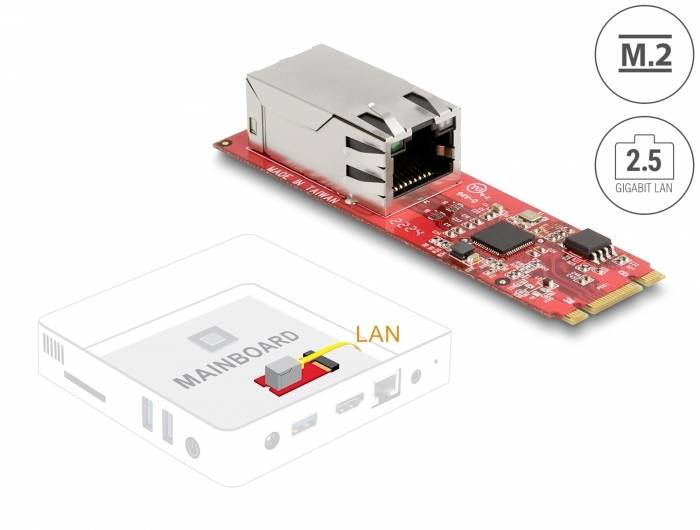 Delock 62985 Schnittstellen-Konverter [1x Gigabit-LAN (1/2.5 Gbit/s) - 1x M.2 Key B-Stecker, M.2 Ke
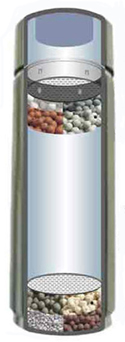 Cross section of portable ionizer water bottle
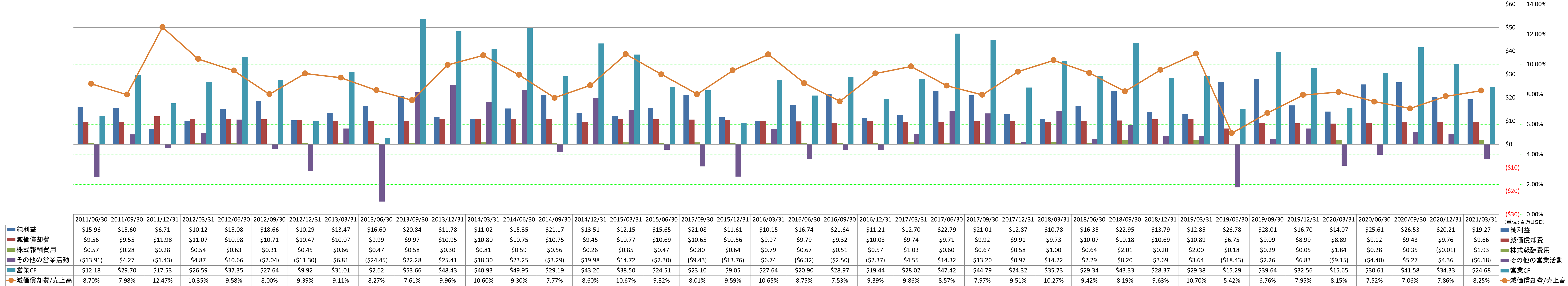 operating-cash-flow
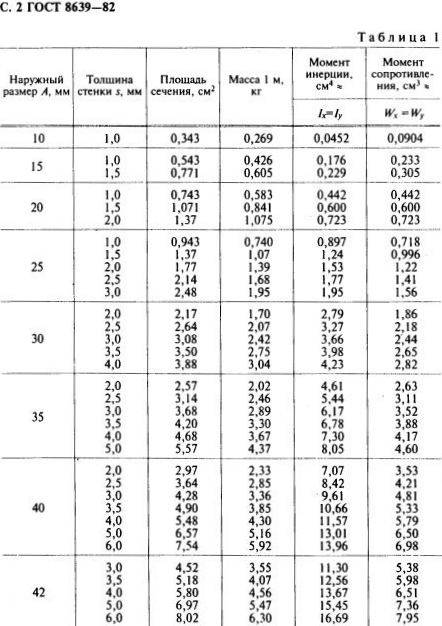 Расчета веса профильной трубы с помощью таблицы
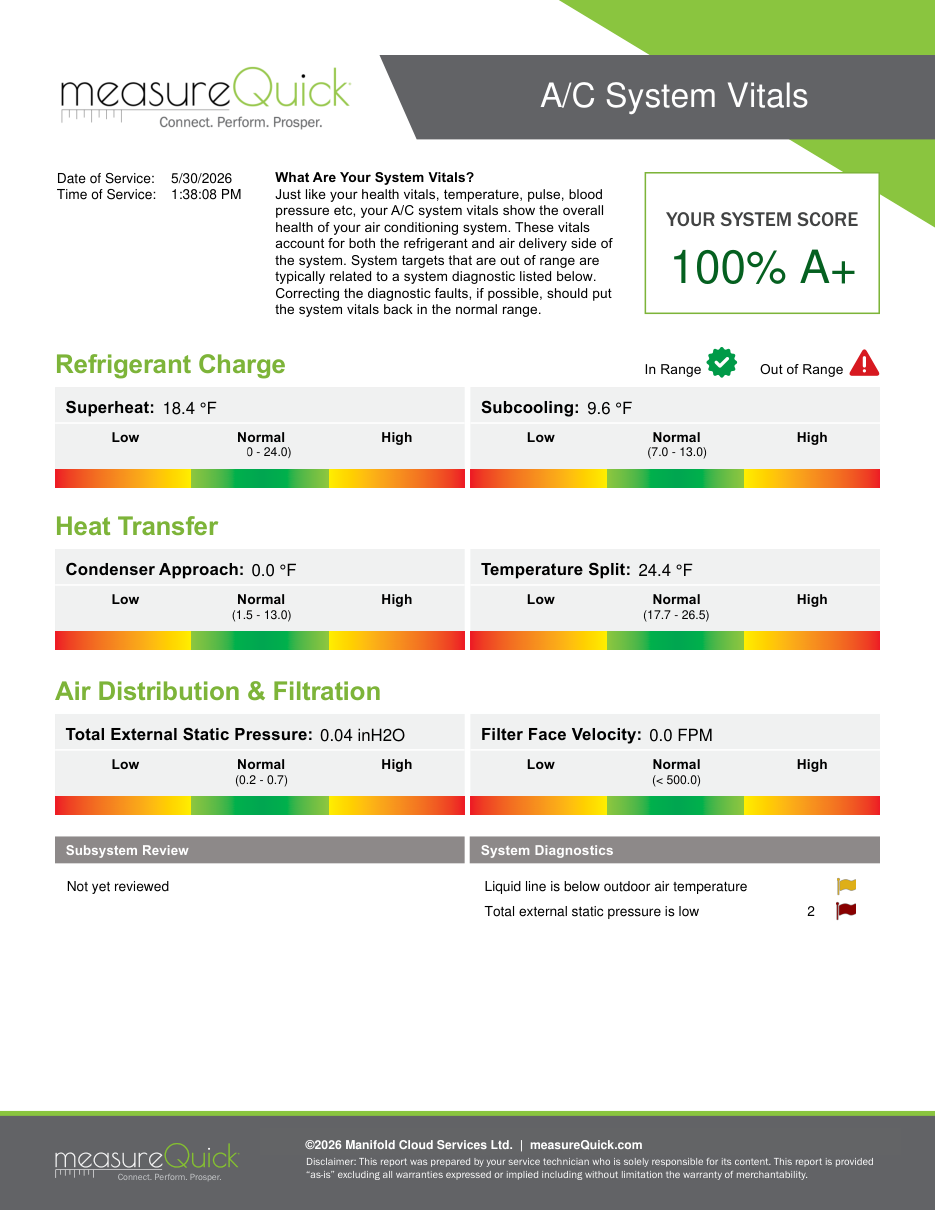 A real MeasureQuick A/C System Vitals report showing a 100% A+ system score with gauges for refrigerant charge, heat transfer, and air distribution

(ASSIGNED TASK):
Produce an exact copy of the lines from the line with "Расчета веса профильной" through the last line of the data above, both ends included. No pictures belong in it.

(FINAL ANSWER):
 Расчета веса профильной трубы с помощью таблицы
 A real MeasureQuick A/C System Vitals report showing a 100% A+ system score with gauges for refrigerant charge, heat transfer, and air distribution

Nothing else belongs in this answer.